Exercise goal
Using the records that follow, reproduce exactly the lines starting at the line containing "Mobius loop of" and ending at the line containing "SET of two medicine". Include both end lines and no pictures.

Given information
§

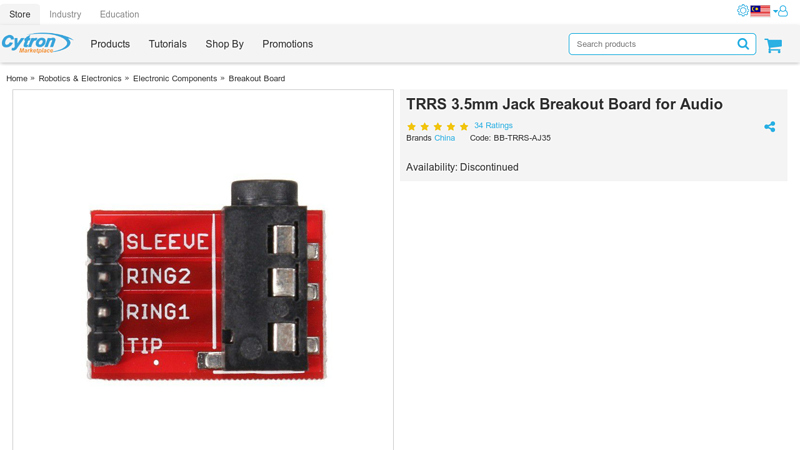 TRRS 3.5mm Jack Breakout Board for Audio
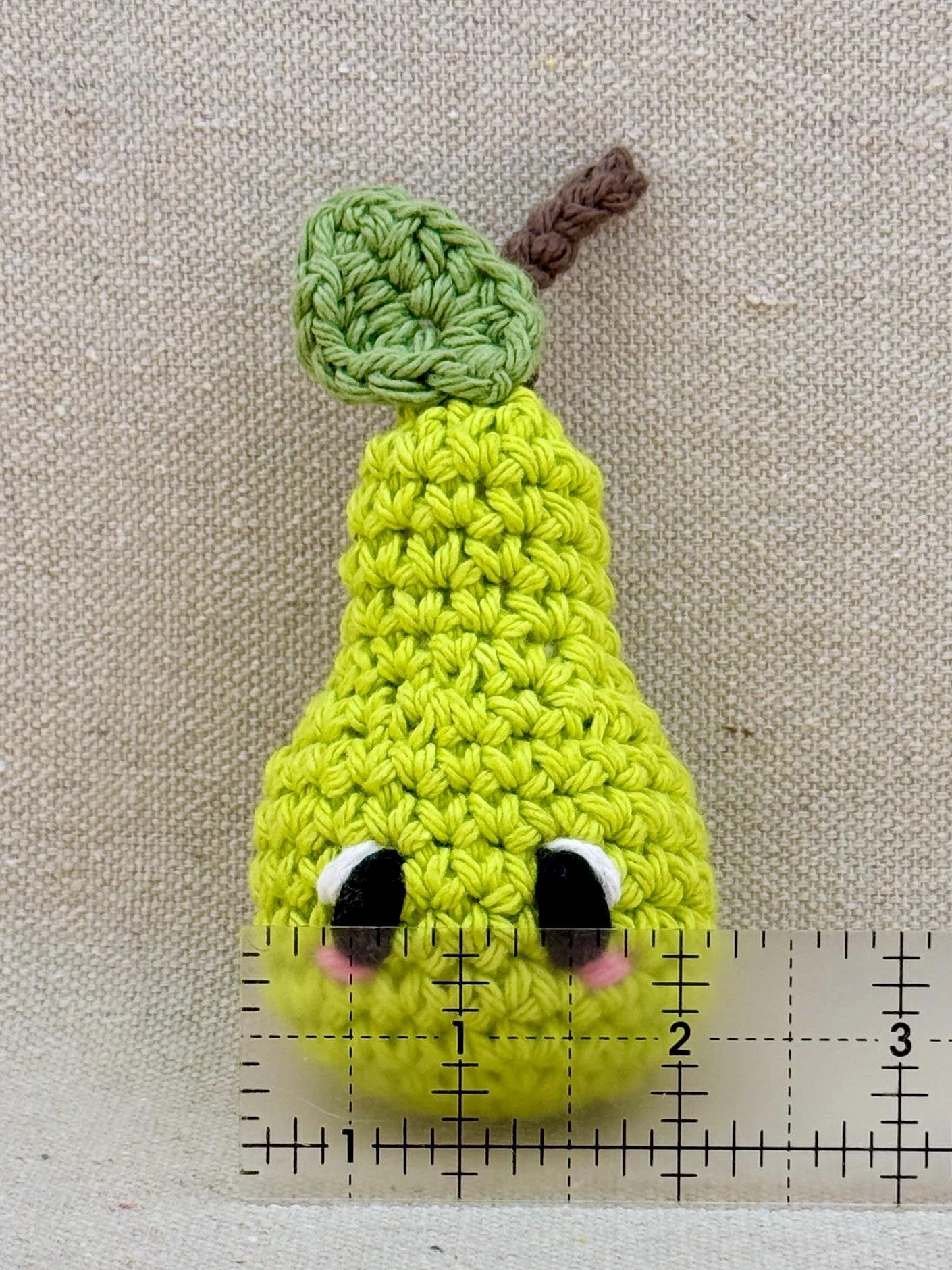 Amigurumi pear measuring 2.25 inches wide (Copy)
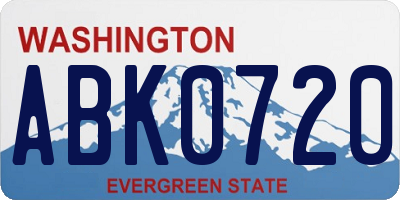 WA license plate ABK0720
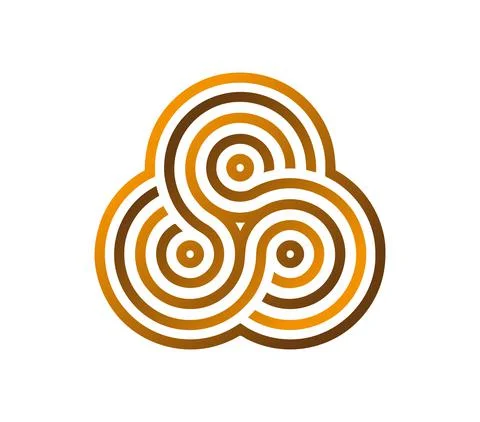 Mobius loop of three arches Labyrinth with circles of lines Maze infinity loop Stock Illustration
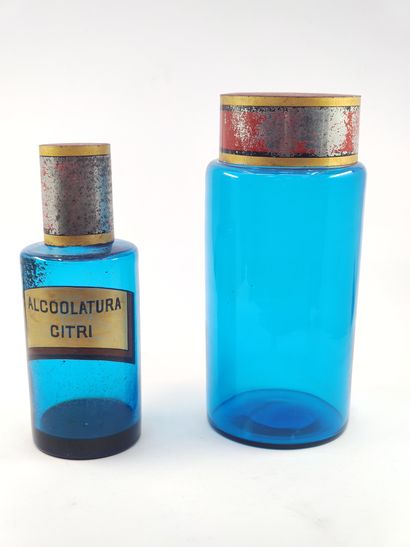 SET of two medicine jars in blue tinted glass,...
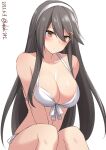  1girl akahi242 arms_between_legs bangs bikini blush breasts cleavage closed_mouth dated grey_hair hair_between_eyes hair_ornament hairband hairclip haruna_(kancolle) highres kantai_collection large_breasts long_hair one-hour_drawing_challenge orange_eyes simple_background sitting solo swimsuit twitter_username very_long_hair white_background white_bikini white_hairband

§

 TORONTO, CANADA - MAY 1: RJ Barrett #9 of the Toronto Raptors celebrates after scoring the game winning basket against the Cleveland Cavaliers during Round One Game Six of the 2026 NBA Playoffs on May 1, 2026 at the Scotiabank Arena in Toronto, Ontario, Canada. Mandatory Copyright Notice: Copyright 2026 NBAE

§

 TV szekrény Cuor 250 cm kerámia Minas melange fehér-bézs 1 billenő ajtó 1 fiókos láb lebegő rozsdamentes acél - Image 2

§

Output for this exercise
 Mobius loop of three arches Labyrinth with circles of lines Maze infinity loop Stock Illustration
 SET of two medicine jars in blue tinted glass,...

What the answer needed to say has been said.